Background Information: From his Wiki page: "Vedantam was a participant in the 2002–2003 Rosalynn Carter Mental
Health Journalism Fellowship, the 2003–2004 World Health Organization
Journalism Fellowship, and the 2005 Templeton-Cambridge Fellowship on
Science and Religion. He was a 2009–2010 Nieman Fellow. He worked at The Washington Post from 2001 to 2011, writing its "Department of Human Behavior" column from 2007 to 2009. He then wrote an occasional column called "Hidden Brain" for Slate. Vedantam published The Ghosts of Kashmir in 2005, a collection of short stories discussing the divide between Indians and Pakistani.
In 2010, Vedantam published the book entitled The Hidden Brain. The Edward R. Murrow Award winner
focuses on how people become influenced by their unconscious biases.
The book incorporates his experiences working as a reporter at the
Washington Post.
This nonfiction book showcases a range of real life examples on how
their biases affect their mental health, including nine chapters
discussing situations that affect unconscious biases.
Vedantam hosts the social sciences podcast also called Hidden Brain,
where he "reveals the unconscious patterns that drive human behavior,
the biases that shape our choices, and the triggers that direct the
course of our relationships." You can read the whole thing here: https://en.wikipedia.org/wiki/Shankar_Vedantam
You may wonder why a mainstream, Edwin R. Murrow Award winning book is being included in my series of book reports on esoteric and nearly forgotten works of mind science and mumbo jumbo. Simple, it's a really good book, and if you like the other stuff, you'll probably love this book too!
It's a very readable, fast paced book all about cognitive biases and the subconscious mind and how these things influence what we think are our conscious decisions.
For Vedantam, the hidden brain is the subconscious mind, and one of it's main purposes is to jump to conclusions, and to do it based on heuristics, a sort of simple, logical formula for making decisions. Trouble is, while practical, those decisions are not always right and we're left wondering "why did I do that?"

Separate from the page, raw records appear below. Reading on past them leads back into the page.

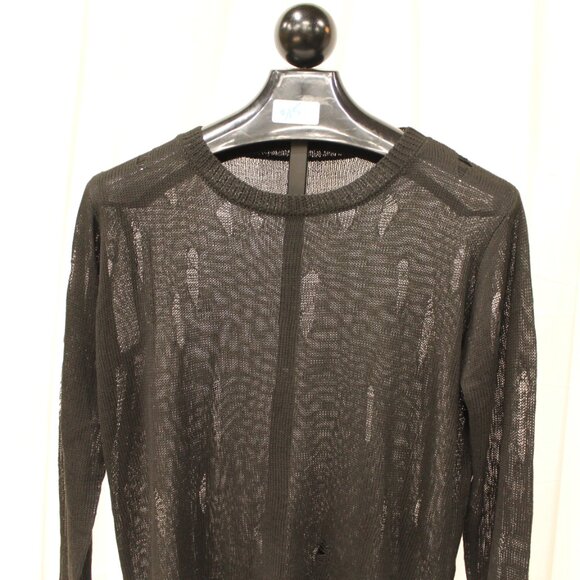 Black Sheer Knit Sweater - Picture 7 of 7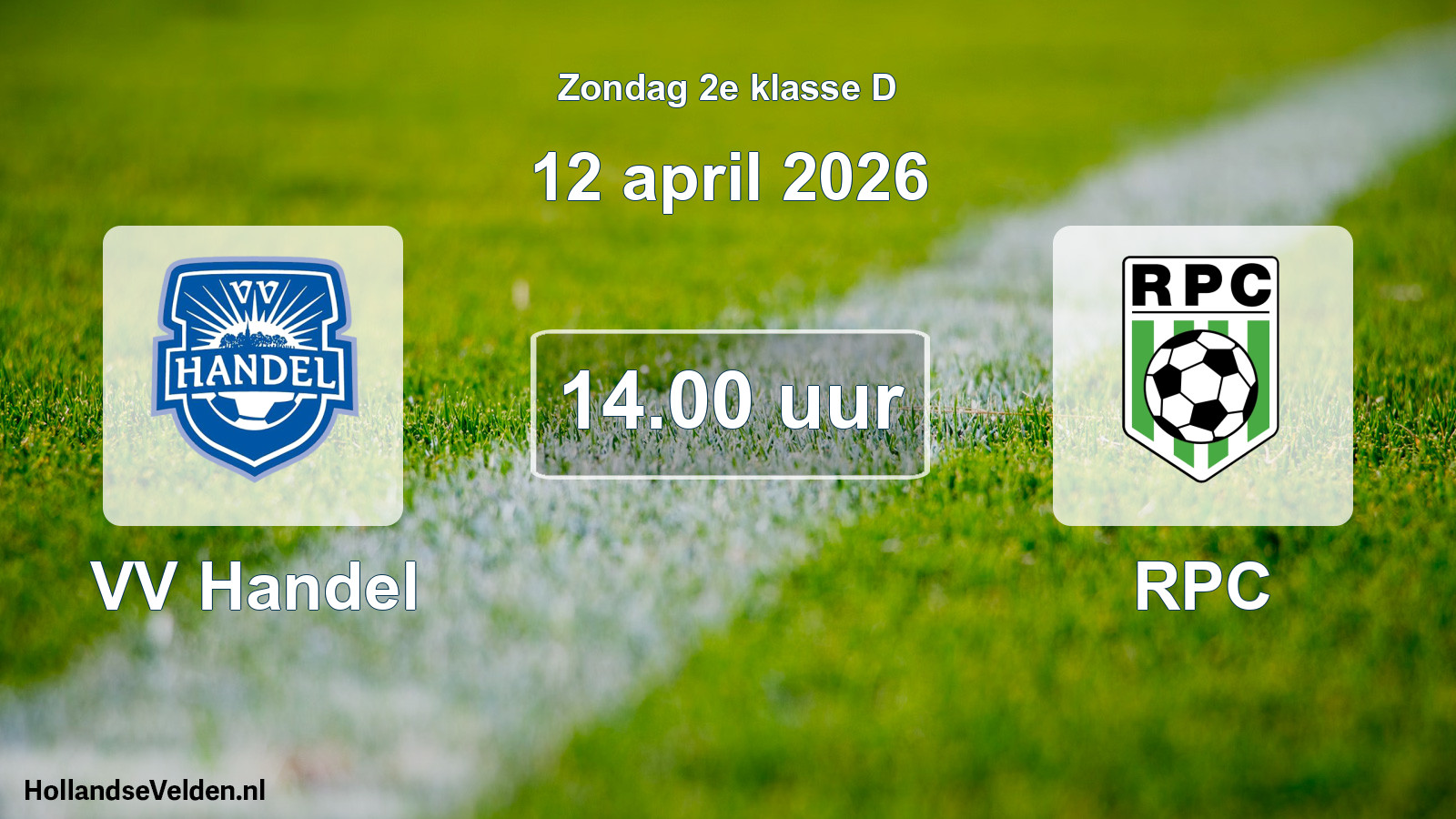 Geplande wedstrijd: VV Handel - RPC (12 april 2026)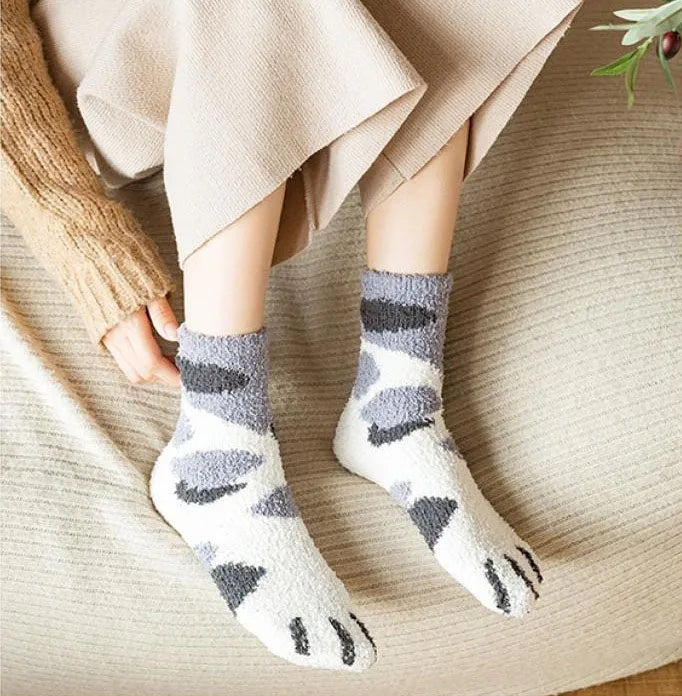 Cute Cat Claw Coral Velvet Socks - Warm Winter Sleep & Home Floor Socks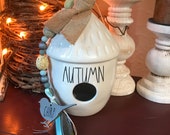 Chirp Robins Eggs Spring Summer Birdhouse Canister Garland Wooden Beads-Rae Dunn Inspired Tiered Tray Decor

All his discussions are backed by well described scientific research and he illuminates how things like familiarity and similarity can cloud our decision making process, He explores racial and gender biases, group psychology,
Much of the book explores how these unconscious processes are involved in issues that concern us in big ways. Sexism and racism, of course, but also the processes by which some people become extremists or terrorists, and mob mentality, and what does and doesn't work in combating that.
There's a lot more in the book, and it's all thought provoking and practical to know, since it happens to big populations and also to us one-on-one. A lot of it can also bee seen in current events today, so this book can help make sense of it.
I can't help but not that this book makes a great companion to Malcolm Gladwell's Blink, which also explores the science and psychology of unconscious decisions.